Assignment:
Precise copying is required. Return the data below in full.

Dataset:
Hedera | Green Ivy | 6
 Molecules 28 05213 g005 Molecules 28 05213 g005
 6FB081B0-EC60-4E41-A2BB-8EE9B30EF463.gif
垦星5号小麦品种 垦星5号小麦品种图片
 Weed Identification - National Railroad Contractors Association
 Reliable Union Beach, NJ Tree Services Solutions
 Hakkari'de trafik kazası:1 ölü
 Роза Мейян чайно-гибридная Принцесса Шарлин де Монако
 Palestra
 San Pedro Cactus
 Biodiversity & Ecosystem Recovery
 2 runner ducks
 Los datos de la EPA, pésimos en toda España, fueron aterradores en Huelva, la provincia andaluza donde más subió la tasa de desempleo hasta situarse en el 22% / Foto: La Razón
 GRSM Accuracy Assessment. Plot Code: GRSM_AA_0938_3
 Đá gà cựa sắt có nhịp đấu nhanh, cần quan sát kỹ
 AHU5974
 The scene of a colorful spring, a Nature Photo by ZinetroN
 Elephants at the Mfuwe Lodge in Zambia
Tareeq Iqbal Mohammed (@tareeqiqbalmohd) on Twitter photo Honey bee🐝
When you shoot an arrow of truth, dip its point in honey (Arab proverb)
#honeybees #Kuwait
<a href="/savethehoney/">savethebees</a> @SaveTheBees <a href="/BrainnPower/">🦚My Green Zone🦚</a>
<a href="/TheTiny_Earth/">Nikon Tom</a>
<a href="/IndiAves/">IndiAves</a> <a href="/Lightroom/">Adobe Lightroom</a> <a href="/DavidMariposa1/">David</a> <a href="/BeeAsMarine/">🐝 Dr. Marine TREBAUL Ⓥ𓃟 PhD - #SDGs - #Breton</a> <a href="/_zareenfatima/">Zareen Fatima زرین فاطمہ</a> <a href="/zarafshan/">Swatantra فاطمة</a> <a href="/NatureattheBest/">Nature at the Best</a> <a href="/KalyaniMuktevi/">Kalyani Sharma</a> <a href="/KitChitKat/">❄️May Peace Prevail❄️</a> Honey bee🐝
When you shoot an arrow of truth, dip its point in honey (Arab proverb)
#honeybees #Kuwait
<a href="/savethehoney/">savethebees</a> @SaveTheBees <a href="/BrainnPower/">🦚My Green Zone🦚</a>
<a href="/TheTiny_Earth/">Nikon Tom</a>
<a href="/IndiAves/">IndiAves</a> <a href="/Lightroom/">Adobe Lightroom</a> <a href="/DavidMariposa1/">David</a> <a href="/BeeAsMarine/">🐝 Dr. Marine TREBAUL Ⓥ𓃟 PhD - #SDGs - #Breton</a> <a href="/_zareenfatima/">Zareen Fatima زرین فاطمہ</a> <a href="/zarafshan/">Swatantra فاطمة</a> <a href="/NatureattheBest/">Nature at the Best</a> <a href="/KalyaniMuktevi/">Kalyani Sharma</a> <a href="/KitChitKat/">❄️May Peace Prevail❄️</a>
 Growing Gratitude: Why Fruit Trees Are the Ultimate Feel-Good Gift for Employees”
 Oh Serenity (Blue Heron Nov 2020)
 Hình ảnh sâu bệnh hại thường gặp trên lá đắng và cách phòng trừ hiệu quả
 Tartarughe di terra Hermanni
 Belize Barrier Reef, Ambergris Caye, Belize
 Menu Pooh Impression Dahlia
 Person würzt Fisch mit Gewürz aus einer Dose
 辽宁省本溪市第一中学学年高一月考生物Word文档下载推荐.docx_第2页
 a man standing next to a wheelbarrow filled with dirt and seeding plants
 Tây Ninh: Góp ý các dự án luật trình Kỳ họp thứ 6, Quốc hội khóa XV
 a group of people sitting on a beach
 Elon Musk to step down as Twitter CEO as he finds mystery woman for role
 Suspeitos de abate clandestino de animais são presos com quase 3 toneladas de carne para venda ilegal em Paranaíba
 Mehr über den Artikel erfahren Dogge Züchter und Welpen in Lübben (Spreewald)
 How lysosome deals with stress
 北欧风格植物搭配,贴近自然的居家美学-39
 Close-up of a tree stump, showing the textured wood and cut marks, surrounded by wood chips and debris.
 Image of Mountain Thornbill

Written answer:
Hedera | Green Ivy | 6
 Molecules 28 05213 g005 Molecules 28 05213 g005
 6FB081B0-EC60-4E41-A2BB-8EE9B30EF463.gif
垦星5号小麦品种 垦星5号小麦品种图片
 Weed Identification - National Railroad Contractors Association
 Reliable Union Beach, NJ Tree Services Solutions
 Hakkari'de trafik kazası:1 ölü
 Роза Мейян чайно-гибридная Принцесса Шарлин де Монако
 Palestra
 San Pedro Cactus
 Biodiversity & Ecosystem Recovery
 2 runner ducks
 Los datos de la EPA, pésimos en toda España, fueron aterradores en Huelva, la provincia andaluza donde más subió la tasa de desempleo hasta situarse en el 22% / Foto: La Razón
 GRSM Accuracy Assessment. Plot Code: GRSM_AA_0938_3
 Đá gà cựa sắt có nhịp đấu nhanh, cần quan sát kỹ
 AHU5974
 The scene of a colorful spring, a Nature Photo by ZinetroN
 Elephants at the Mfuwe Lodge in Zambia
Tareeq Iqbal Mohammed (@tareeqiqbalmohd) on Twitter photo Honey bee🐝
When you shoot an arrow of truth, dip its point in honey (Arab proverb)
#honeybees #Kuwait
<a href="/savethehoney/">savethebees</a> @SaveTheBees <a href="/BrainnPower/">🦚My Green Zone🦚</a>
<a href="/TheTiny_Earth/">Nikon Tom</a>
<a href="/IndiAves/">IndiAves</a> <a href="/Lightroom/">Adobe Lightroom</a> <a href="/DavidMariposa1/">David</a> <a href="/BeeAsMarine/">🐝 Dr. Marine TREBAUL Ⓥ𓃟 PhD - #SDGs - #Breton</a> <a href="/_zareenfatima/">Zareen Fatima زرین فاطمہ</a> <a href="/zarafshan/">Swatantra فاطمة</a> <a href="/NatureattheBest/">Nature at the Best</a> <a href="/KalyaniMuktevi/">Kalyani Sharma</a> <a href="/KitChitKat/">❄️May Peace Prevail❄️</a> Honey bee🐝
When you shoot an arrow of truth, dip its point in honey (Arab proverb)
#honeybees #Kuwait
<a href="/savethehoney/">savethebees</a> @SaveTheBees <a href="/BrainnPower/">🦚My Green Zone🦚</a>
<a href="/TheTiny_Earth/">Nikon Tom</a>
<a href="/IndiAves/">IndiAves</a> <a href="/Lightroom/">Adobe Lightroom</a> <a href="/DavidMariposa1/">David</a> <a href="/BeeAsMarine/">🐝 Dr. Marine TREBAUL Ⓥ𓃟 PhD - #SDGs - #Breton</a> <a href="/_zareenfatima/">Zareen Fatima زرین فاطمہ</a> <a href="/zarafshan/">Swatantra فاطمة</a> <a href="/NatureattheBest/">Nature at the Best</a> <a href="/KalyaniMuktevi/">Kalyani Sharma</a> <a href="/KitChitKat/">❄️May Peace Prevail❄️</a>
 Growing Gratitude: Why Fruit Trees Are the Ultimate Feel-Good Gift for Employees”
 Oh Serenity (Blue Heron Nov 2020)
 Hình ảnh sâu bệnh hại thường gặp trên lá đắng và cách phòng trừ hiệu quả
 Tartarughe di terra Hermanni
 Belize Barrier Reef, Ambergris Caye, Belize
 Menu Pooh Impression Dahlia
 Person würzt Fisch mit Gewürz aus einer Dose
 辽宁省本溪市第一中学学年高一月考生物Word文档下载推荐.docx_第2页
 a man standing next to a wheelbarrow filled with dirt and seeding plants
 Tây Ninh: Góp ý các dự án luật trình Kỳ họp thứ 6, Quốc hội khóa XV
 a group of people sitting on a beach
 Elon Musk to step down as Twitter CEO as he finds mystery woman for role
 Suspeitos de abate clandestino de animais são presos com quase 3 toneladas de carne para venda ilegal em Paranaíba
 Mehr über den Artikel erfahren Dogge Züchter und Welpen in Lübben (Spreewald)
 How lysosome deals with stress
 北欧风格植物搭配,贴近自然的居家美学-39
 Close-up of a tree stump, showing the textured wood and cut marks, surrounded by wood chips and debris.
 Image of Mountain Thornbill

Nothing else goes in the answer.